**WHAT YOU HAVE TO DO:** I would like the line with "Artemis II astronauts" and every line after it, down to the end of the entries below, output exactly and without pictures.

Items from a data source:
# # # # # # #

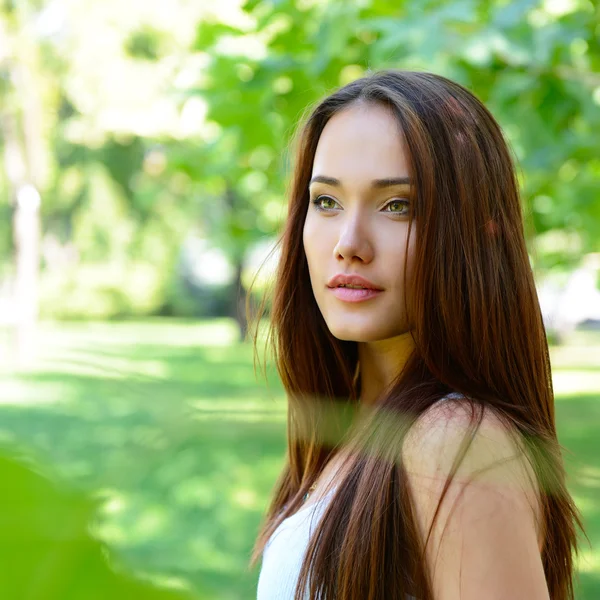 Jeune fille aux longs cheveux bruns — Photo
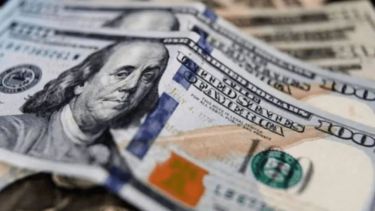 «Segundo semestre»: así es el plan de Luis Caputo para que el dólar le gane a la inflación y reaccione el consumo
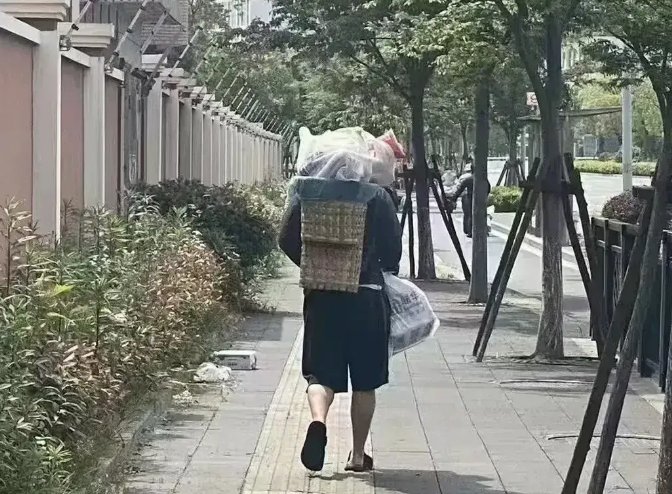 上海居民限时外出购物扁担推车成神器，80年哪些物品在疫情下派上了用场？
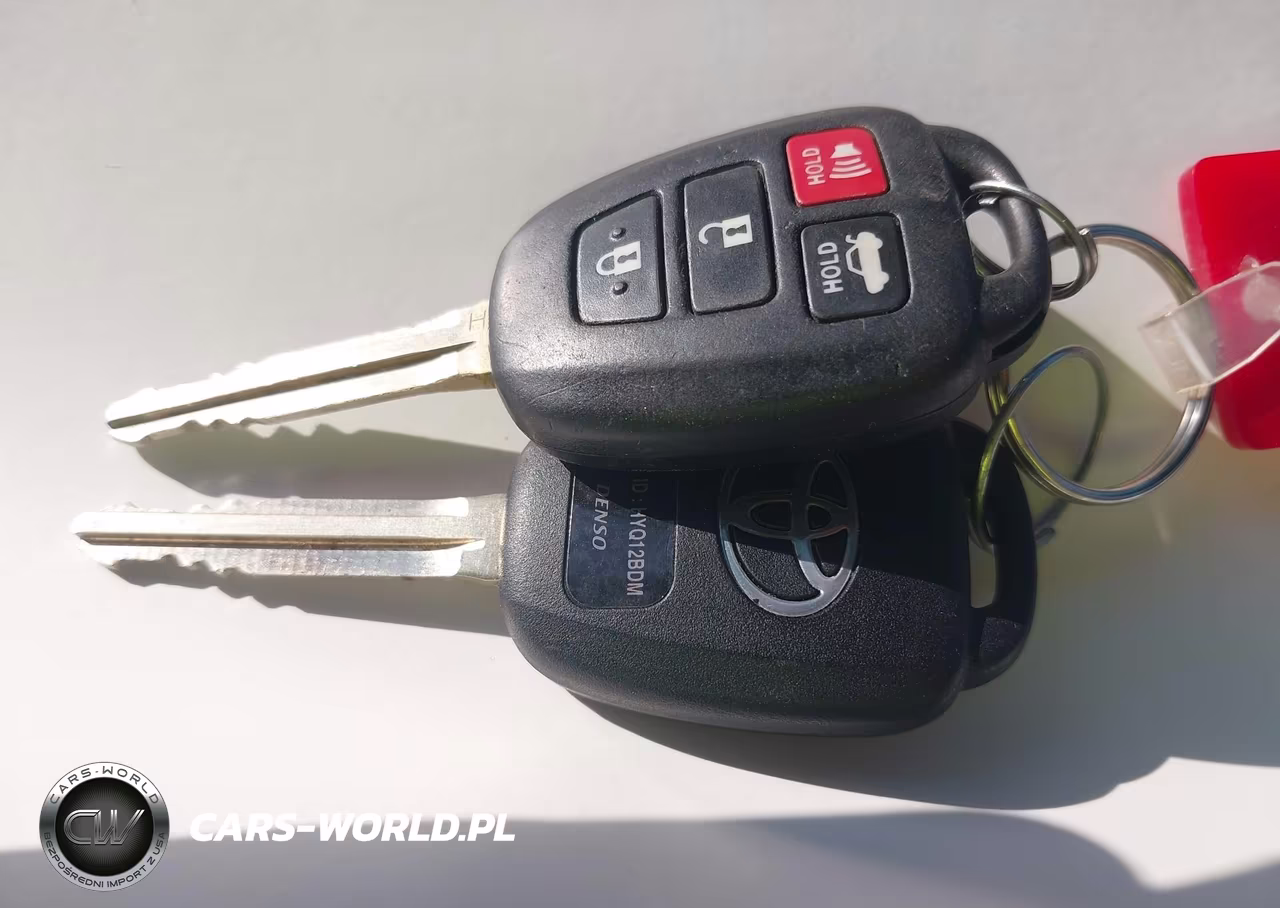 2016 Toyota Camry Xse VIN:4T1BF1FK2GU212452 - 11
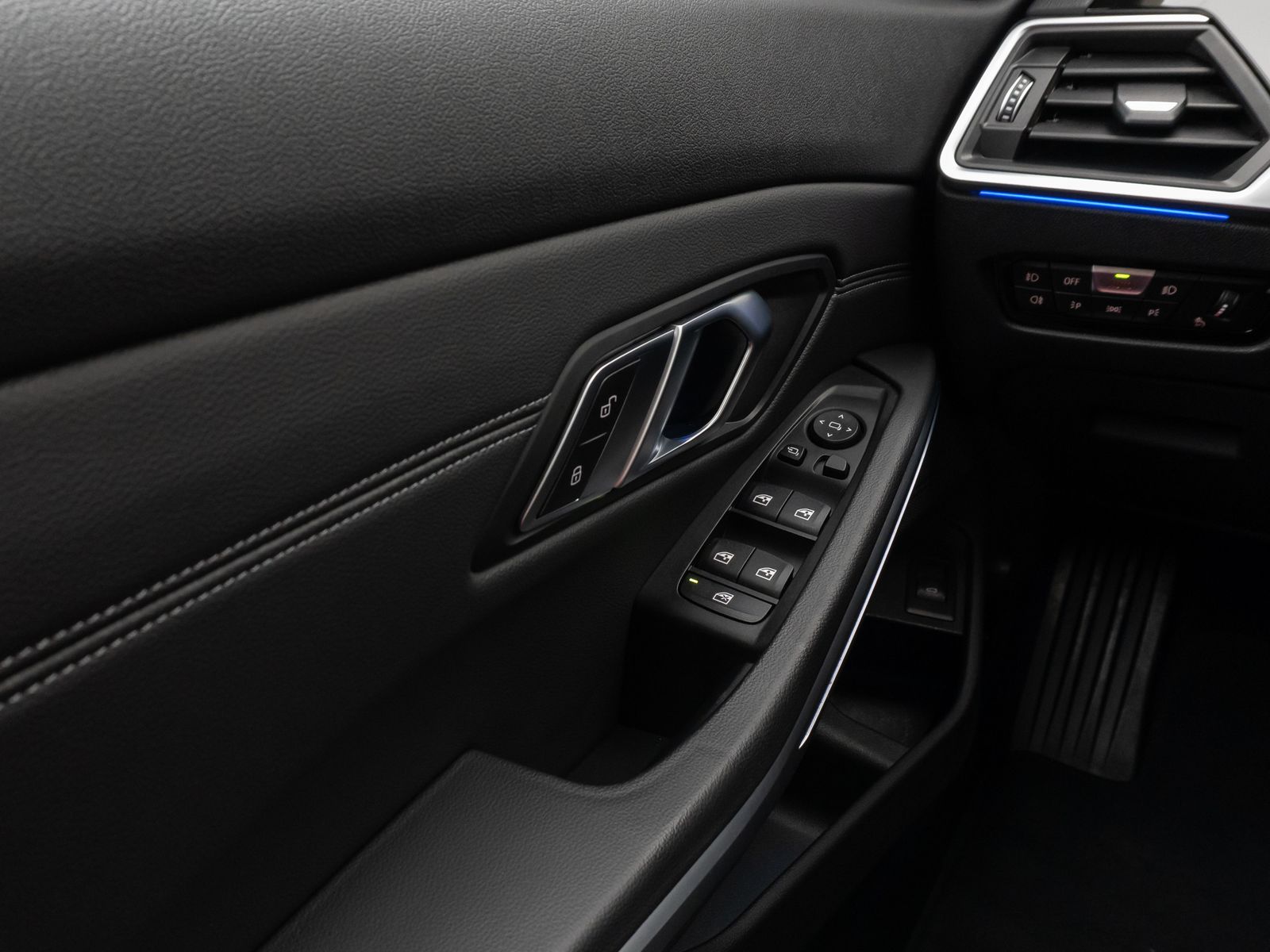 Fahrzeugabbildung BMW 330d xD Sport Line Kamera Lenkrhzg HUD DAB H/K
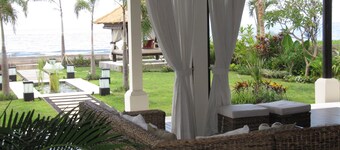 Luxus-Strandvilla mit Infinity-Pool.
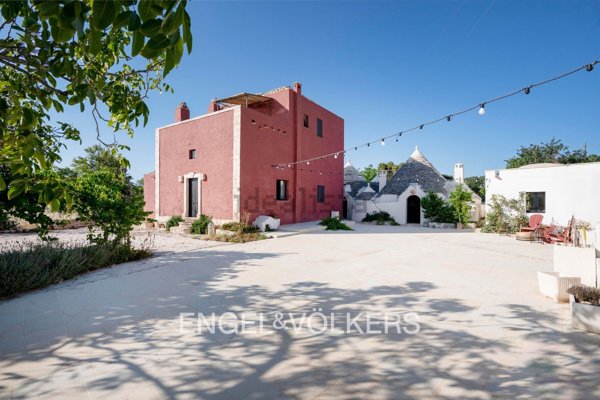 casale in vendita a Ceglie Messapica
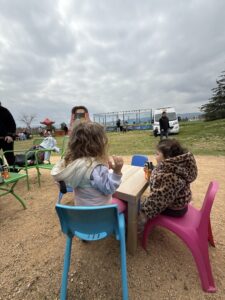 pony park παιδικά τραπεζάκια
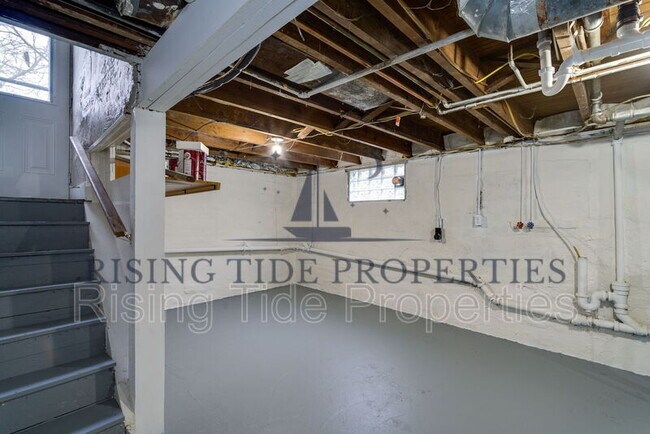 Building Photo - 1238 Colwick Dr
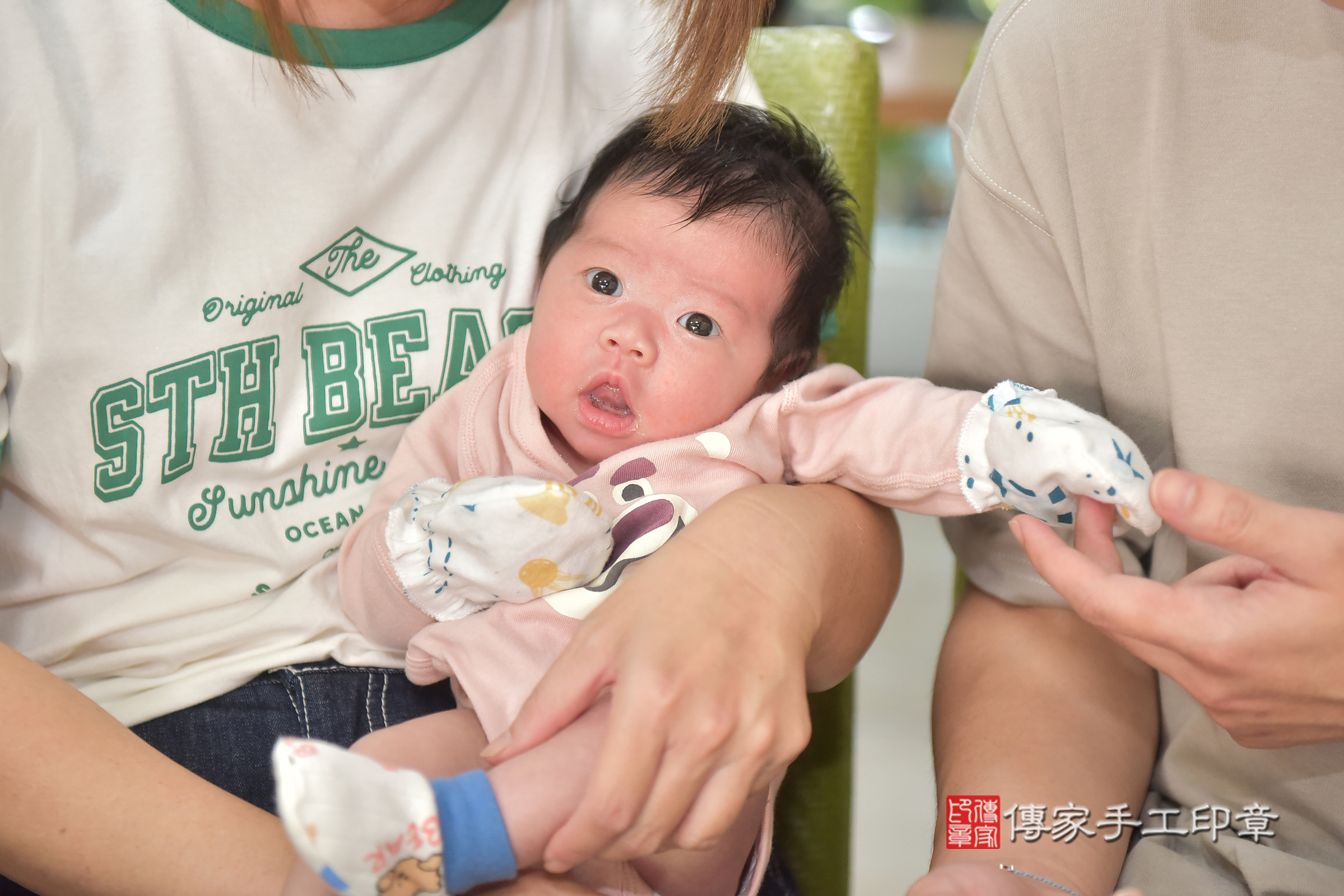 小妤寶寶(台中市霧峰區到府嬰兒小妤寶寶滿月剃頭理髮、到府嬰兒剃胎毛儀式吉祥話)。到府剃頭剃胎毛主持、專業拍照、證書。★購買「臍帶章、肚臍章、胎毛筆刷印章」贈送：剃頭、收涎、抓周，三選一。2024.10.12，照片2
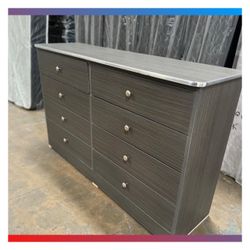 8 drawers dresser / Eight drawers dresser / Cajonera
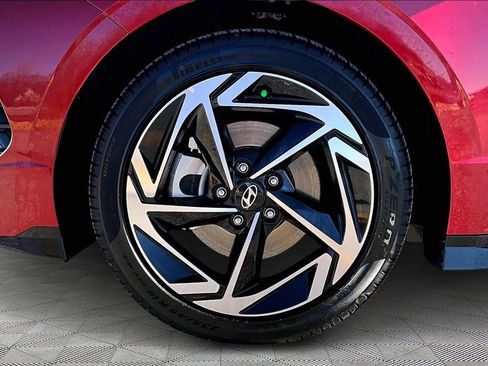 Certified 2025 Hyundai Sonata SEL image 9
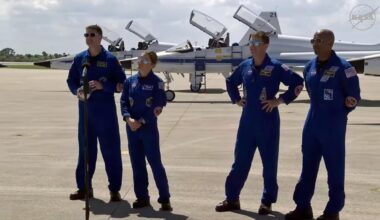Artemis II astronauts arrive in Florida to prepare for launch to the moon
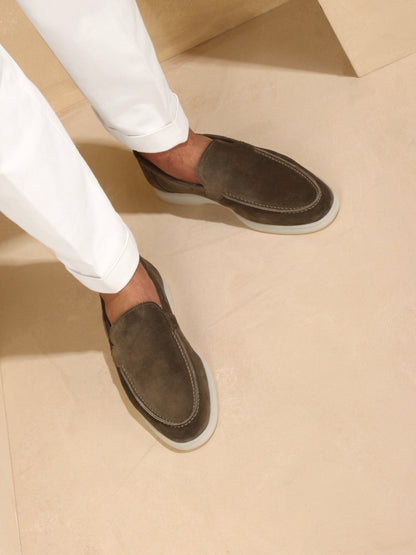 Hardfell | Olive Yacht Loafers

# # # # # # #

**PROBLEM SOLUTION:**
Artemis II astronauts arrive in Florida to prepare for launch to the moon
 Hardfell | Olive Yacht Loafers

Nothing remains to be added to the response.